I want to use the cudaMemset function to initialize an image with zeros. The single pixel values are stored as chars (only gray-scale). Of course the image has a specific width and hight. For example if I have an image of 800x600 than I allocate memory and afterwards I use cudaMemset(d_ptr_image, 0, width * hight * sizeof(char)) to set all pixel values to zero… this works perfectly.

Another example: Now I have an image of 802x602. I do the same as above but now the last 1198 pixels are not set to zero. For 804x604 images it works again. I think that this has something to do with the global memory structure, because if width and height are an multiplier of four there are no problems. Maybe CUDA will combine four chars into one float or something like that.

My question is if this problem is known by NVIDIA and if i am right.

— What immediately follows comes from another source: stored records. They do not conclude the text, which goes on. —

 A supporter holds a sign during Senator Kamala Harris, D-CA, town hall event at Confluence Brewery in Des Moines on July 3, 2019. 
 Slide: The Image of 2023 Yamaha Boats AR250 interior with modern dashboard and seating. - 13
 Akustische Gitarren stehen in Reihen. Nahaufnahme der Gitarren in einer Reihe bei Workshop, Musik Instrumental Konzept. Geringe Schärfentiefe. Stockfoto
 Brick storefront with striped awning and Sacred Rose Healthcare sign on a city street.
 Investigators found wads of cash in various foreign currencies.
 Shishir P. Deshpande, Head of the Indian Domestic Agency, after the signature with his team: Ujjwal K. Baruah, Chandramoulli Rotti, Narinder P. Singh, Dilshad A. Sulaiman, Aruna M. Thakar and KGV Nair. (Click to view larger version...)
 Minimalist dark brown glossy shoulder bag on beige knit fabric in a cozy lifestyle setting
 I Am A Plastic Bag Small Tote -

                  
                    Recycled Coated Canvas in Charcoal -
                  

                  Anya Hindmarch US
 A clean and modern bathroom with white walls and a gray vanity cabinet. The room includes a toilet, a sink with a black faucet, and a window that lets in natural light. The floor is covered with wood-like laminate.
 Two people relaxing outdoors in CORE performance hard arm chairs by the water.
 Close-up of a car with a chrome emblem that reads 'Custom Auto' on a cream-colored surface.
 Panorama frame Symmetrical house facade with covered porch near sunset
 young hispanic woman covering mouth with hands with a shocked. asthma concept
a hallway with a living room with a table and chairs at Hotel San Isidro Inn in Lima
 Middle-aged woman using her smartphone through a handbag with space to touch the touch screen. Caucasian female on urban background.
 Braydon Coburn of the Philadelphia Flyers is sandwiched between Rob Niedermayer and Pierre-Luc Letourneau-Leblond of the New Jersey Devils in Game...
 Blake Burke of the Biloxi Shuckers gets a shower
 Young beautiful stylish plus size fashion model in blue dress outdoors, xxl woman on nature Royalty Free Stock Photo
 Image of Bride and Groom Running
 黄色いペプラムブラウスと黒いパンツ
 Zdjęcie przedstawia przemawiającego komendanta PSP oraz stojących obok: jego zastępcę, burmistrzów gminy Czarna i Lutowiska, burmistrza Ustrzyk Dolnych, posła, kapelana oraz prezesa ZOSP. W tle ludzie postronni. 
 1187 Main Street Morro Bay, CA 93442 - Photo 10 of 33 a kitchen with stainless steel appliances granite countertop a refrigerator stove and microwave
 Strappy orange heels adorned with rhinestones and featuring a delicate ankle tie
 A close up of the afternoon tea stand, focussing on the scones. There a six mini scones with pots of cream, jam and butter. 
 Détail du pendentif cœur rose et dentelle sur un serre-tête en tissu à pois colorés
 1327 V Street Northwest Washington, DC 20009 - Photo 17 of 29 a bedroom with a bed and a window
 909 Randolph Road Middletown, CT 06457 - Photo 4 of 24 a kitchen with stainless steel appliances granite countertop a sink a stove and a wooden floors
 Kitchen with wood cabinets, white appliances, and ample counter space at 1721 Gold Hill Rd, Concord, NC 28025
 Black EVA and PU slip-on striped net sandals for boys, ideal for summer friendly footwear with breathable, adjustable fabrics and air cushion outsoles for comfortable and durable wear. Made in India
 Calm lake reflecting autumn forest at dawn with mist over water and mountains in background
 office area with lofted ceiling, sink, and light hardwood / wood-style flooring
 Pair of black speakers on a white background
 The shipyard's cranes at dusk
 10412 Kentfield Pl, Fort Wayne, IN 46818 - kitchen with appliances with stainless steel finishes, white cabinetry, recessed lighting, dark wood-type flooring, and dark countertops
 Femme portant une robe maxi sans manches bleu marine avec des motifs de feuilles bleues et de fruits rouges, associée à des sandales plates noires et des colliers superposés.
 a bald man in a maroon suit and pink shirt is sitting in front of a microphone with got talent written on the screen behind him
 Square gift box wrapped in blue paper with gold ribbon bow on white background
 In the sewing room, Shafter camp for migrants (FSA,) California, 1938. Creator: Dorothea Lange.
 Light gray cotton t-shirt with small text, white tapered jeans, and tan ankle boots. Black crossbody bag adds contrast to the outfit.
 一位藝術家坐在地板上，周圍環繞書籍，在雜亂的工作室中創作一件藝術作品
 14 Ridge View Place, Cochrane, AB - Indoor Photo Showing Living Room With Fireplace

Would be nice if someone knows a work-around.
And this is really a bug in the CUDA API if there will be a fix in the next version.

I’m looking forward to receiving replies.

Best regards,
chrizh

I have sold my problem …stupid failure by myself… first, when dealing with images it is recommended to use cudaMallocPitch() and for memory transfers cudaMemcpy2D() due to memory alignments. I used OpenCV to load an image and then copy it to the device. The data structure from OpenCV is named IplImage and there is also an memory alignment adjustment for performance purposes. So, when copying from device to host or vice versa you have to use the correct pitches… for the image on GPU that one returned from cudaMallocPitch and in the case of IplImage the widthStep attribute.

In conclusion it was an memory alignment failure by me :)

I have sold my problem …stupid failure by myself… first, when dealing with images it is recommended to use cudaMallocPitch() and for memory transfers cudaMemcpy2D() due to memory alignments. I used OpenCV to load an image and then copy it to the device. The data structure from OpenCV is named IplImage and there is also an memory alignment adjustment for performance purposes. So, when copying from device to host or vice versa you have to use the correct pitches… for the image on GPU that one returned from cudaMallocPitch and in the case of IplImage the widthStep attribute.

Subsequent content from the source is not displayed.